TASK OBJECTIVE
Whatever the records below hold, copy it all out exactly.

Stored entries
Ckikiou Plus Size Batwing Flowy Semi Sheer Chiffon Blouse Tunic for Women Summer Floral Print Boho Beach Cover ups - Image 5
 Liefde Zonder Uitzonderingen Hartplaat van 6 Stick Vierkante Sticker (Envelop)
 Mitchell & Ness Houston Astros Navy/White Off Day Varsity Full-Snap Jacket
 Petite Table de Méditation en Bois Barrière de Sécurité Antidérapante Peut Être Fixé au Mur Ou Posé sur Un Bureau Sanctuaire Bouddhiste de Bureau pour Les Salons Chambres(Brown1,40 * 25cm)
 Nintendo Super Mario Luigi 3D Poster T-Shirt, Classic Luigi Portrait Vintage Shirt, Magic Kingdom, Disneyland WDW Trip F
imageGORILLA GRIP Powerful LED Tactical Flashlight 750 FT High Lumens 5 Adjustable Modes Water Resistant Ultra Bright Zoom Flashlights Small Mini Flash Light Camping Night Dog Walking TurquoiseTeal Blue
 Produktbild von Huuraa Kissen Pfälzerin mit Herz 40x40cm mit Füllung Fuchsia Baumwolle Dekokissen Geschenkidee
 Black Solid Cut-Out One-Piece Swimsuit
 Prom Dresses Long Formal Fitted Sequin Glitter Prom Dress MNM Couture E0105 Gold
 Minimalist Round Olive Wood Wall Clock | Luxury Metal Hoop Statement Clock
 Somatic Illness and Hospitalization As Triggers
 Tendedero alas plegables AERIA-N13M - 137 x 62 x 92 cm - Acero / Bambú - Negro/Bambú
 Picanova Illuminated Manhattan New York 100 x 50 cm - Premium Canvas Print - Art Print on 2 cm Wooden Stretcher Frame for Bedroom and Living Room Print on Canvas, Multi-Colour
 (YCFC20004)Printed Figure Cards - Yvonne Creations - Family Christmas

REPLY TO THE EXERCISE
Ckikiou Plus Size Batwing Flowy Semi Sheer Chiffon Blouse Tunic for Women Summer Floral Print Boho Beach Cover ups - Image 5
 Liefde Zonder Uitzonderingen Hartplaat van 6 Stick Vierkante Sticker (Envelop)
 Mitchell & Ness Houston Astros Navy/White Off Day Varsity Full-Snap Jacket
 Petite Table de Méditation en Bois Barrière de Sécurité Antidérapante Peut Être Fixé au Mur Ou Posé sur Un Bureau Sanctuaire Bouddhiste de Bureau pour Les Salons Chambres(Brown1,40 * 25cm)
 Nintendo Super Mario Luigi 3D Poster T-Shirt, Classic Luigi Portrait Vintage Shirt, Magic Kingdom, Disneyland WDW Trip F
imageGORILLA GRIP Powerful LED Tactical Flashlight 750 FT High Lumens 5 Adjustable Modes Water Resistant Ultra Bright Zoom Flashlights Small Mini Flash Light Camping Night Dog Walking TurquoiseTeal Blue
 Produktbild von Huuraa Kissen Pfälzerin mit Herz 40x40cm mit Füllung Fuchsia Baumwolle Dekokissen Geschenkidee
 Black Solid Cut-Out One-Piece Swimsuit
 Prom Dresses Long Formal Fitted Sequin Glitter Prom Dress MNM Couture E0105 Gold
 Minimalist Round Olive Wood Wall Clock | Luxury Metal Hoop Statement Clock
 Somatic Illness and Hospitalization As Triggers
 Tendedero alas plegables AERIA-N13M - 137 x 62 x 92 cm - Acero / Bambú - Negro/Bambú
 Picanova Illuminated Manhattan New York 100 x 50 cm - Premium Canvas Print - Art Print on 2 cm Wooden Stretcher Frame for Bedroom and Living Room Print on Canvas, Multi-Colour
 (YCFC20004)Printed Figure Cards - Yvonne Creations - Family Christmas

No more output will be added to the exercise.